Parkinson's Disease-Supplements-Coq-10 May Slow

28 May 2012
Read time: 3 min
Category: Archive

Researchers who conducted national clinical trials at the University of California, San Diego’s School of Medicine, studied 80 patients with early Parkinson’s disease who did not yet need medications typically used to treat the disease (like Levodopa). Participants were randomly assigned to receive a placebo or CoQ10 four times a day at a dosage of 300, 600, or 1200 milligrams each day. Participants were regularly re-evaluated to assess the severity of the disease for a maximum of 16 months or until they needed treatment with medications used to treat the symptoms.

The results showed that by the eighth-month visit, the score for the group receiving the highest dosage (1200 milligrams per day) were substantially lower than the others groups. The lower score reflected less impairment and better function. The pattern persisted to the end of the study.

The results were hopeful, but the study’s coordinators caution that CoQ10 therapy needs to be tested in a larger trial with hundreds of patients before this treatment can be recommended.

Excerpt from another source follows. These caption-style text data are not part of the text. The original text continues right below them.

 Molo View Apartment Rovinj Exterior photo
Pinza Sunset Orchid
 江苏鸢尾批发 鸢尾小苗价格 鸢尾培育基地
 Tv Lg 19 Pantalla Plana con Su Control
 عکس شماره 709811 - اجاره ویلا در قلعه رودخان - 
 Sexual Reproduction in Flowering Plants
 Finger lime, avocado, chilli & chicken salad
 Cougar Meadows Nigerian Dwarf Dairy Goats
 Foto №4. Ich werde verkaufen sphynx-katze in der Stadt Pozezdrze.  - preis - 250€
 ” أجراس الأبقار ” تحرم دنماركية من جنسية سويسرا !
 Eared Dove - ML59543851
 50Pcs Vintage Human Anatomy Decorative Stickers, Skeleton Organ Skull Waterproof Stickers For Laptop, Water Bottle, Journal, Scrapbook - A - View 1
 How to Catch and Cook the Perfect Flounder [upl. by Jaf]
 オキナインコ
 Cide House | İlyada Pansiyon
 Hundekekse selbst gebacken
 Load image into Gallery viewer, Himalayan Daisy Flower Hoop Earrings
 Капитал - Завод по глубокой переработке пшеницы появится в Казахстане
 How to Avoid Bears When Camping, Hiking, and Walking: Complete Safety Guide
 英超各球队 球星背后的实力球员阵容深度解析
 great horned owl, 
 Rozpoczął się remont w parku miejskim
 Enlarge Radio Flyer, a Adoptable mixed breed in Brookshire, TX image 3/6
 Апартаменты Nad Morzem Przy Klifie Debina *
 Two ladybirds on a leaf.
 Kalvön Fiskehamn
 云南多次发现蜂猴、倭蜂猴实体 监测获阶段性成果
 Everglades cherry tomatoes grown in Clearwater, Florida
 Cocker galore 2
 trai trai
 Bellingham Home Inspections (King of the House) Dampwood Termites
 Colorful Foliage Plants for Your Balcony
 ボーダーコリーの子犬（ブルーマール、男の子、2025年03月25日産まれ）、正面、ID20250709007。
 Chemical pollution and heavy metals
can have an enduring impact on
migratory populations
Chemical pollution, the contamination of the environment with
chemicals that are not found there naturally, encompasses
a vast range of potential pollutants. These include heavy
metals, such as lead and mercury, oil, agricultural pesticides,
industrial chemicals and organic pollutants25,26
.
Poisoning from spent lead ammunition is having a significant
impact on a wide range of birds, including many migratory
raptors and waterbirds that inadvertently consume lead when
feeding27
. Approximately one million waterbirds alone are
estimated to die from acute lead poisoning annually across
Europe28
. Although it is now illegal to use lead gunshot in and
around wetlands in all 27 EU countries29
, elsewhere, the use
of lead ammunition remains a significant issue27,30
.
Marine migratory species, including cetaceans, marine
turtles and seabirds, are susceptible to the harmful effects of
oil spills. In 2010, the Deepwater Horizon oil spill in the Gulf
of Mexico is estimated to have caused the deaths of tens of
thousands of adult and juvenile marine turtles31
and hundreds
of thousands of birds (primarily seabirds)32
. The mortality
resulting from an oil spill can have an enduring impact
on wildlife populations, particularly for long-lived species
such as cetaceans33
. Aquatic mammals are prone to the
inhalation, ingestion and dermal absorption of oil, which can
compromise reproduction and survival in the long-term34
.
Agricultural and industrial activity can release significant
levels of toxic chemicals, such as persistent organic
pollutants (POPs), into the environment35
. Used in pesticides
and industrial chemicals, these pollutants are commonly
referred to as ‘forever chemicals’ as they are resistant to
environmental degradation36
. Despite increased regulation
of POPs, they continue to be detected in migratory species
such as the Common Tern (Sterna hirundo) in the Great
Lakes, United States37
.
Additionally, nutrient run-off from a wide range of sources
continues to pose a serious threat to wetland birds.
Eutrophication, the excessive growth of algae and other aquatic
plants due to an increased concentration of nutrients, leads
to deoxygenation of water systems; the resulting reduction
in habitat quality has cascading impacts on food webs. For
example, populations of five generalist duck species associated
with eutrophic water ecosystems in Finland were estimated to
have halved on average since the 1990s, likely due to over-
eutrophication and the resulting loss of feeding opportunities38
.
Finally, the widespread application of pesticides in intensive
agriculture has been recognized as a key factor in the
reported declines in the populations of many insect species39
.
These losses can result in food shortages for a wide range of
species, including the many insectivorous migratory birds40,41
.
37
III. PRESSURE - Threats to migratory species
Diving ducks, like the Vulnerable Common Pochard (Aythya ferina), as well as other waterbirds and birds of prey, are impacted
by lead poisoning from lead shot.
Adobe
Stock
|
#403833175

“While it is tremendously encouraging that our results indicate that it is likely that coenzyme Q10 slows the progression of Parkinson’s disease, our study did not have sufficient numbers of patients to unequivocally prove that it does,” said the study’s principal investigator Clifford Shults, M.D., professor of neurosciences at UCSD’s School of Medicine. “It would be premature to recommend that patients with Parkinson’s disease take high doses of coenzyme Q10”.

Shults and the Parkinson Study Group are developing a proposal to carry out a larger study to confirm their results. Shults stated that he hoped this study would stimulate future research into treatments likely to slow the progression of Parkinson’s disease.

In Wisconsin in 1956 we isolated CoQ10 knowing it was a significant enzyme. After many attempts to find a reliable host in producing this powerful nutrient we utterly failed. Japanese researchers in 1959 purchased the patent from America, found a tobacco leaf is a perfect culture provider in producing this nutrient. There is no problem producing this enzyme off the tobacco leaf since no nicotine or other problematic substances leach into the development process of CoQ10. Soon after they developed this understanding, CoQ10 was made into a pharmaceutical level prescription medicine that has been widely used for cardiovascular disease, cancer, and as you now see, other diseases such as Parkinson’s. Living food diets that are green based provide much CoQ10, but there is often a need for supplemental use as an anti-oxidant in the war against catastrophic maladies.